§ **Data shown**
====================

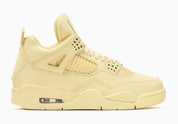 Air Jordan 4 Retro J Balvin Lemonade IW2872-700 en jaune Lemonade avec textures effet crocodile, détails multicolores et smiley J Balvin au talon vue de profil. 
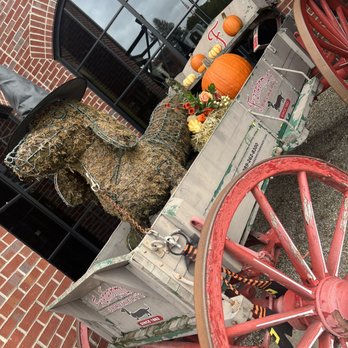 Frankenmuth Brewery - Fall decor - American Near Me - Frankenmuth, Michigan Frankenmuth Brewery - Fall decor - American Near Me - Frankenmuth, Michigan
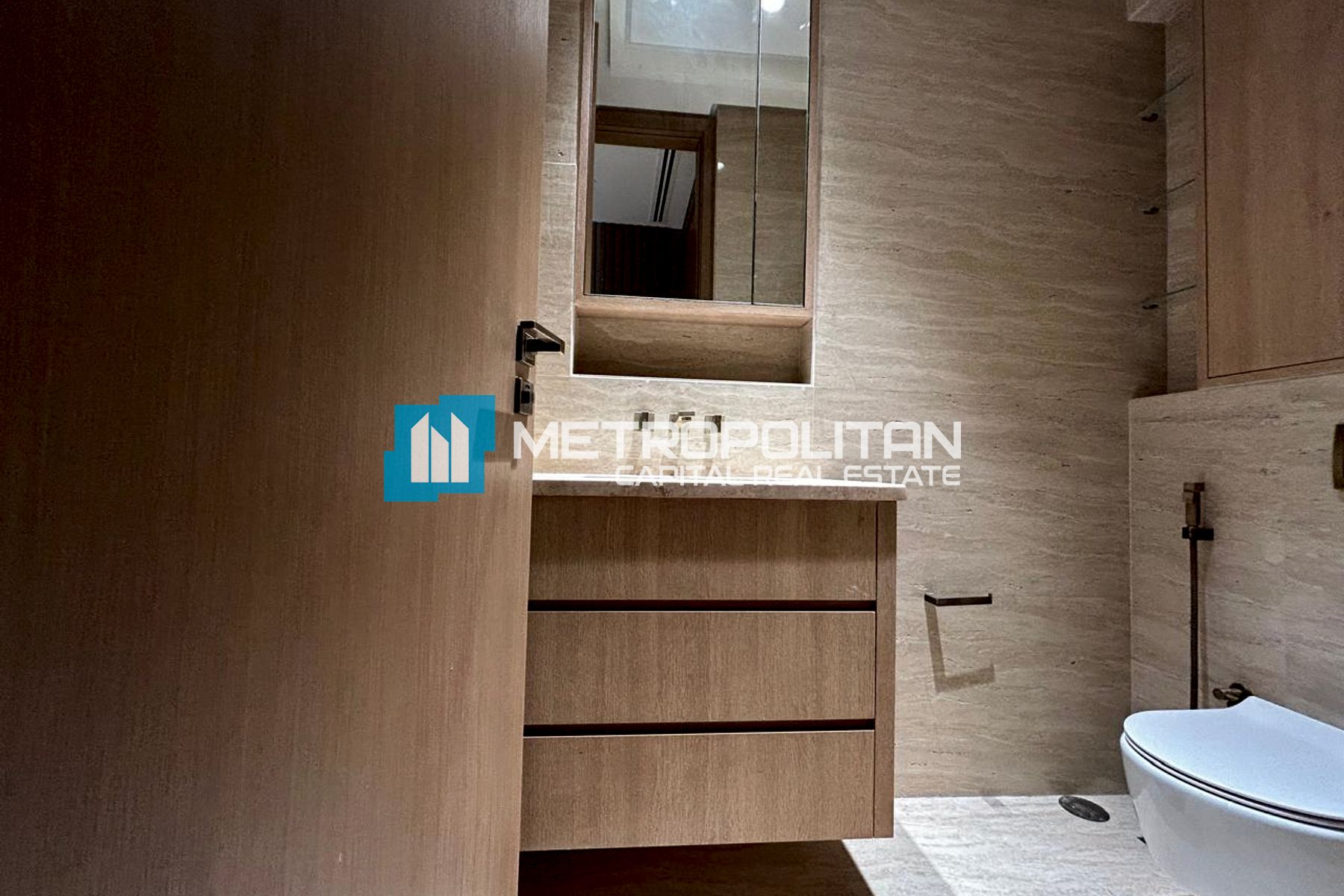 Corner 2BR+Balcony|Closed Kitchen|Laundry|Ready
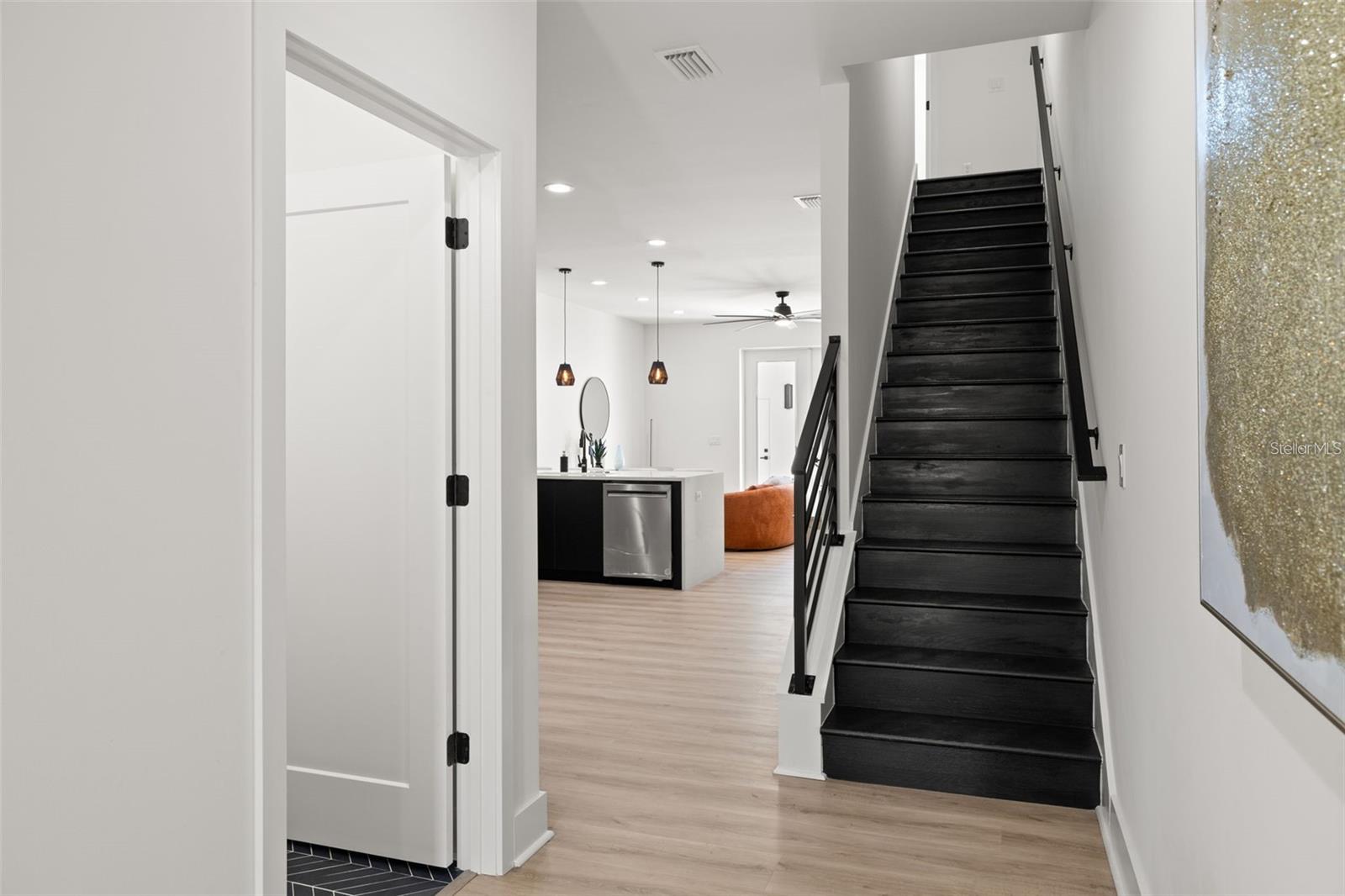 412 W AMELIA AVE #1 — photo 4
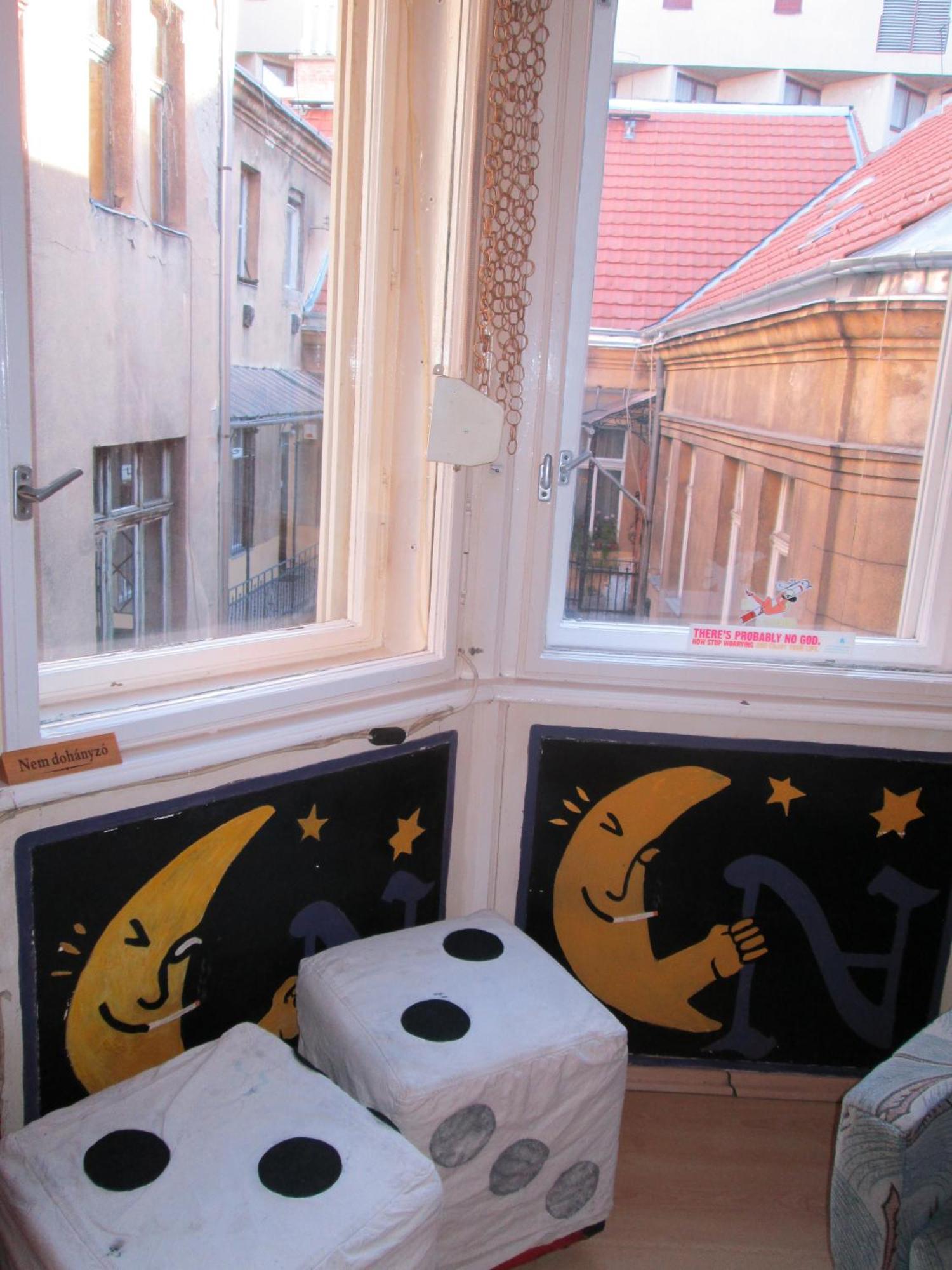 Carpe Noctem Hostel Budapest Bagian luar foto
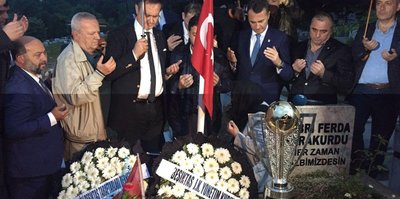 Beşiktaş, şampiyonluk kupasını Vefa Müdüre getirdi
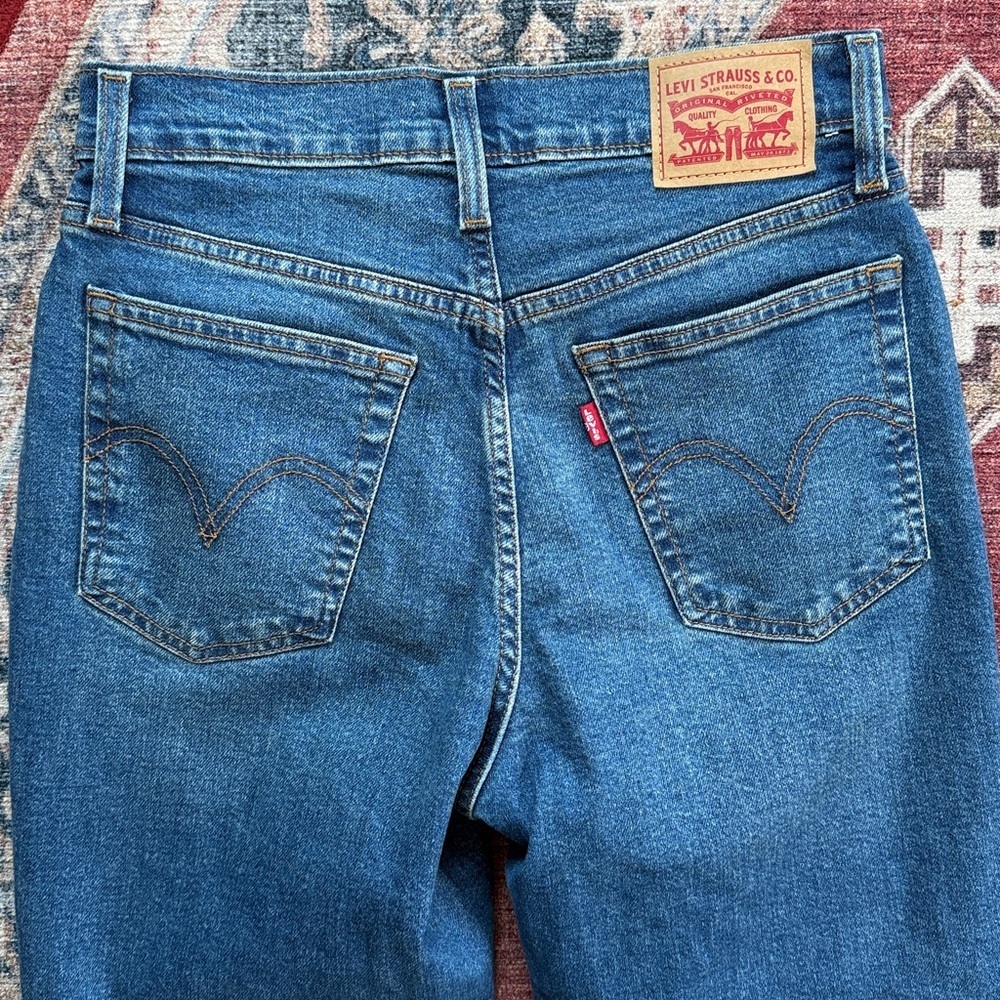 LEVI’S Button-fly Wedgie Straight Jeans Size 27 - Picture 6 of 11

====================

§ **Work to complete**
All that's required is the material above repeated exactly, minus any picture.

§ **Exercise answer**
 Air Jordan 4 Retro J Balvin Lemonade IW2872-700 en jaune Lemonade avec textures effet crocodile, détails multicolores et smiley J Balvin au talon vue de profil. 
 Frankenmuth Brewery - Fall decor - American Near Me - Frankenmuth, Michigan Frankenmuth Brewery - Fall decor - American Near Me - Frankenmuth, Michigan
 Corner 2BR+Balcony|Closed Kitchen|Laundry|Ready
 412 W AMELIA AVE #1 — photo 4
 Carpe Noctem Hostel Budapest Bagian luar foto
 Beşiktaş, şampiyonluk kupasını Vefa Müdüre getirdi
 LEVI’S Button-fly Wedgie Straight Jeans Size 27 - Picture 6 of 11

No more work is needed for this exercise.